Gail Hall, Seasoned Solutions, has been in the food business for 25 years (see Part One: Culinary Entrepreneur), and she is passionate about local food. She welcomes public speaking engagements in order to reach more people and to talk to them about the importance of eating local.
Gail wants to help people understand the connection between what they eat and how they feel. “What we put in our mouths is so important,” she says. “When food was pure, we didn’t have to think about it. But we can no longer trust the food industry.”
Culinary Tours: Combining Food and Culture
Gail’s appreciation for the relationship between food and culture has grown as she has travelled around the world.
Gail’s husband suggested that she start offering culinary tours because he recognized that, if Gail wanted to travel, she would have to build it into her business. Gail’s first tour was in 1995 when she took a group of 25 people to Santa Fe, New Mexico. Gail has since led tours to Louisiana, Seattle, New York, Italy and New Zealand and many other places. In March 2011 she will lead a food and wine tour through Chile and Argentina.
Gail’s tours explore local food from the ground up. The trip to South America will include an empanada cooking class, making wine in Colchagua Valley, a farmers’ market in Santiago and an Argentinean barbecue. The group will also soak up the atmosphere and culture with tango in Buenos Aires and visits to farms and ranches.
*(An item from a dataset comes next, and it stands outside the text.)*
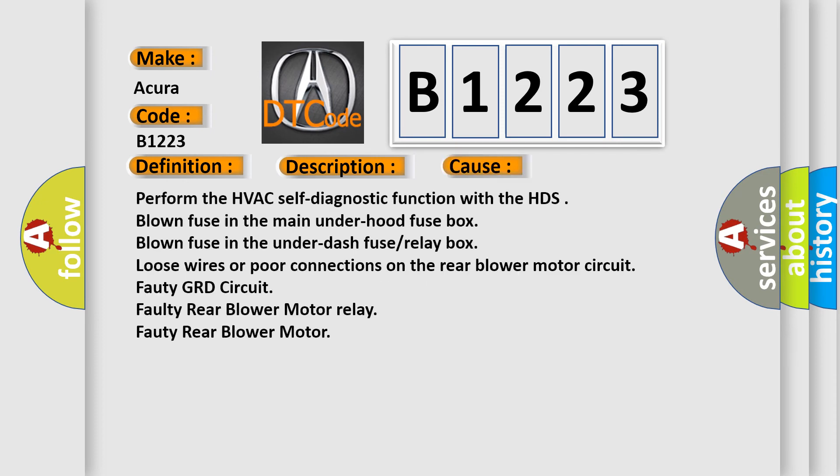Rear blower motor inoperable or intermittent condition. This diagnostic error occurs most often in these cases: Perform the HVAC self-diagnostic function with the HDS, blown fuse in the main under hood fuse box, blown fuse in the under dash fuse relay box.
For Gail, the tours have been an eye opener to the close relationship between food, environment and culture. The unbelievable ice cream in New Zealand was thanks to the climate because cows could graze outdoors all year round. Observing parmesan cheese and prosciutto being aged naturally through salt and air was a reminder of the importance of slow food and respect for tradition. In New York, she recognized the value of retail to go, giving customers the option of buying gourmet food and reheating it at home.
“The tours make people think about their own food culture,” says Gail. “They have a better understanding of how hard producers work to get food to the table.”
As a result of her support for local food producers, Gail has become an active member of Slow Food Edmonton, the local chapter of an international movement that began in Italy in 1986. The international Slow Food website explains that,
We consider ourselves co-producers, not consumers, because by being informed about how our food is produced and actively supporting those who produce it, we become a part of and a partner in the production process.
The Slow Food Movement is now active in 132 countries and has a worldwide membership of over 100,000. The Edmonton convivium (chapter) has about 80 members. They hold a variety of events, including an upcoming dairy farm field trip, and their website provides a local good food guide. The group also hosts a book club with the option of reading either a book of fiction or non-fiction before each meeting.
More than 5,000 representatives of Slow Food will meet in Turin, Italy, in October for the international Terra Madre conference that is held biannually in conjunction with the Salone del Gusto food fair.
Gail will be attending Terra Madre, and I’m looking forward to talking with her when she returns home to find out more about the state of the slow food movement internationally.